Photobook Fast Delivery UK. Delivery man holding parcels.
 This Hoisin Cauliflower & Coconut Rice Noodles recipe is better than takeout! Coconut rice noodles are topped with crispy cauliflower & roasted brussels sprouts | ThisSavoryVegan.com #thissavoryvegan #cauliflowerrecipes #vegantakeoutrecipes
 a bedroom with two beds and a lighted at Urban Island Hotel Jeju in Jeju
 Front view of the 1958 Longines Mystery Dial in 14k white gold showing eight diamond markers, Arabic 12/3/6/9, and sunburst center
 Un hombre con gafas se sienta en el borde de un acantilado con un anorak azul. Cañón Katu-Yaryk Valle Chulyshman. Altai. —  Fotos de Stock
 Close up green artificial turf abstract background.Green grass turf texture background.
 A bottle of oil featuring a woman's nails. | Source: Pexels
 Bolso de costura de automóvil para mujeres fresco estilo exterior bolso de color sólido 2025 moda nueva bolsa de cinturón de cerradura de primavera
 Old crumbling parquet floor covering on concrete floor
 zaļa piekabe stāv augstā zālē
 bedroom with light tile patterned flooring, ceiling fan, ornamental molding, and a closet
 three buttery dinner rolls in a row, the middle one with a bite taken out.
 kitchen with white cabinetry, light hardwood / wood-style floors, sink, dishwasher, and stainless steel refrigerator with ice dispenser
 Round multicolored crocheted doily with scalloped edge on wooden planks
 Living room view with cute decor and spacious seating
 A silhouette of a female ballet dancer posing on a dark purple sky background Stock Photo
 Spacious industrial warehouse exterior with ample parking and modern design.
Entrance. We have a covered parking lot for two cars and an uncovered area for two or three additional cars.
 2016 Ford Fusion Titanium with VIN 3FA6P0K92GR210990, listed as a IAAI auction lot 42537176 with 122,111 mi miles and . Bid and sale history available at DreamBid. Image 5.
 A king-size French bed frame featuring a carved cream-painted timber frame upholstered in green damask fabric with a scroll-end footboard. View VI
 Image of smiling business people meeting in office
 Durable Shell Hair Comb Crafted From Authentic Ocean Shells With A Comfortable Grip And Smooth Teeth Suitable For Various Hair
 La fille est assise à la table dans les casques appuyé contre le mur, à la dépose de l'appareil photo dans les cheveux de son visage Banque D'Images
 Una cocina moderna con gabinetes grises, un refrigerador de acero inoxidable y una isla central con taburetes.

========

ASSIGNMENT:
Each record above has to be retyped exactly, with nothing left out.

SOLUTION FOR THIS PROBLEM:
Photobook Fast Delivery UK. Delivery man holding parcels.
 This Hoisin Cauliflower & Coconut Rice Noodles recipe is better than takeout! Coconut rice noodles are topped with crispy cauliflower & roasted brussels sprouts | ThisSavoryVegan.com #thissavoryvegan #cauliflowerrecipes #vegantakeoutrecipes
 a bedroom with two beds and a lighted at Urban Island Hotel Jeju in Jeju
 Front view of the 1958 Longines Mystery Dial in 14k white gold showing eight diamond markers, Arabic 12/3/6/9, and sunburst center
 Un hombre con gafas se sienta en el borde de un acantilado con un anorak azul. Cañón Katu-Yaryk Valle Chulyshman. Altai. —  Fotos de Stock
 Close up green artificial turf abstract background.Green grass turf texture background.
 A bottle of oil featuring a woman's nails. | Source: Pexels
 Bolso de costura de automóvil para mujeres fresco estilo exterior bolso de color sólido 2025 moda nueva bolsa de cinturón de cerradura de primavera
 Old crumbling parquet floor covering on concrete floor
 zaļa piekabe stāv augstā zālē
 bedroom with light tile patterned flooring, ceiling fan, ornamental molding, and a closet
 three buttery dinner rolls in a row, the middle one with a bite taken out.
 kitchen with white cabinetry, light hardwood / wood-style floors, sink, dishwasher, and stainless steel refrigerator with ice dispenser
 Round multicolored crocheted doily with scalloped edge on wooden planks
 Living room view with cute decor and spacious seating
 A silhouette of a female ballet dancer posing on a dark purple sky background Stock Photo
 Spacious industrial warehouse exterior with ample parking and modern design.
Entrance. We have a covered parking lot for two cars and an uncovered area for two or three additional cars.
 2016 Ford Fusion Titanium with VIN 3FA6P0K92GR210990, listed as a IAAI auction lot 42537176 with 122,111 mi miles and . Bid and sale history available at DreamBid. Image 5.
 A king-size French bed frame featuring a carved cream-painted timber frame upholstered in green damask fabric with a scroll-end footboard. View VI
 Image of smiling business people meeting in office
 Durable Shell Hair Comb Crafted From Authentic Ocean Shells With A Comfortable Grip And Smooth Teeth Suitable For Various Hair
 La fille est assise à la table dans les casques appuyé contre le mur, à la dépose de l'appareil photo dans les cheveux de son visage Banque D'Images
 Una cocina moderna con gabinetes grises, un refrigerador de acero inoxidable y una isla central con taburetes.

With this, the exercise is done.